前回の上司との会話ではルクセンブルグに勤務地が変わる、という話をしたことは覚えているけれど、肝心の仕事内容はどうしても思い出せない。
いまさら改めて聞く?それとも知ってるふりして、なんとなく聞き出す?
いや、知ってるふりしたらすぐばれるだろう。改めて聞く?これも聞き方によっては、話聞いてなかったの、とやぶへびになる恐れもあるだろう。
あ、そうだ!ここは、賢いふりをして「こういったことは重要事項なので書面でいただきたい」なーんて言ったらどうだろうか。今までのパターンから行くと、こういったことは必ず書面で提示されるものだ。我ながらなかなかいいアイディアじゃないか。これでバカだと思われない。
そこで私は、1時間かけてとても丁寧なメールを上司宛に書いた。こんな機会をもらえてとてもうれしいです。楽しみにしています。つきましては仕事内容など条件を書面でいただきたく、云々。
案の定、もちろんだよ、ということで書面で詳細が送られてきた。ひとまずはセーフ。よく聞いてなかったことはバレなかった。
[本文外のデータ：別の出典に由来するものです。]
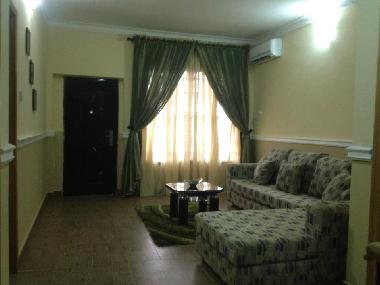 Villa in Lekki (Lagos) oder Ferienwohnung oder Ferienhaus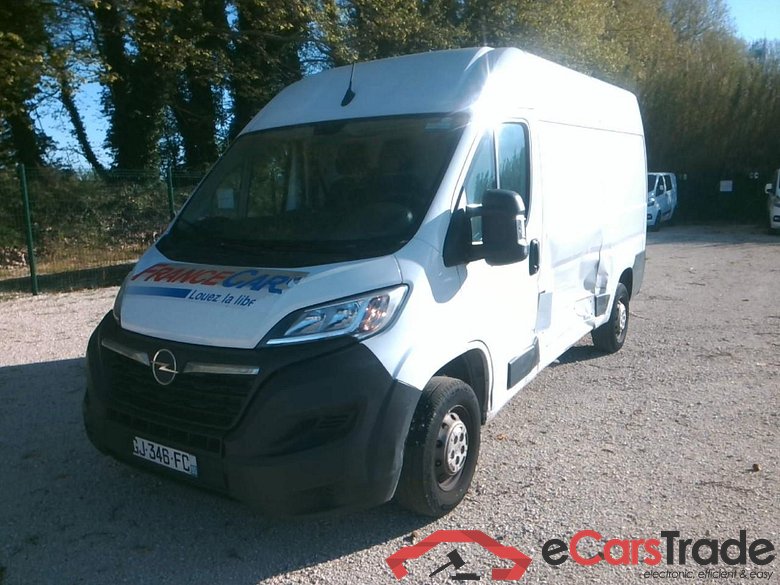 MOVANO L2H2 3.5T 140CH PCLIM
しかし、仕事内容を見てあぜんとした。え、そういうこと??
要は上司が直接見るのが面倒くさい部門と口うるさい部下がいる部門を私にくっつけて、かっこいい部署名をつけて、なんとなく形にしたような変な感じの部署の担当になってしまった。
さて、どうしよう。
これは考えてたのと違います、と断る?当然じゃあ何を聞いてたの、となるのがおちだろう。新しい機会とても楽しみです、とポジティブに受ける?いや、何も言わなかったら後悔するだろう。
そうか。真ん中を取ればいい。
新しい機会をありがとうございます、楽しみです、しかし仕事内容についてもう一度話す機会をいただけないでしょうか...
こうすれば会話の流れで何とかなるだろう。
話し合い当日。口がうまい上司にほとんど丸め込まれる形で、結局その部署を担当することになった私は、全く新しい環境で全く新しい仕事をすることになったのだった。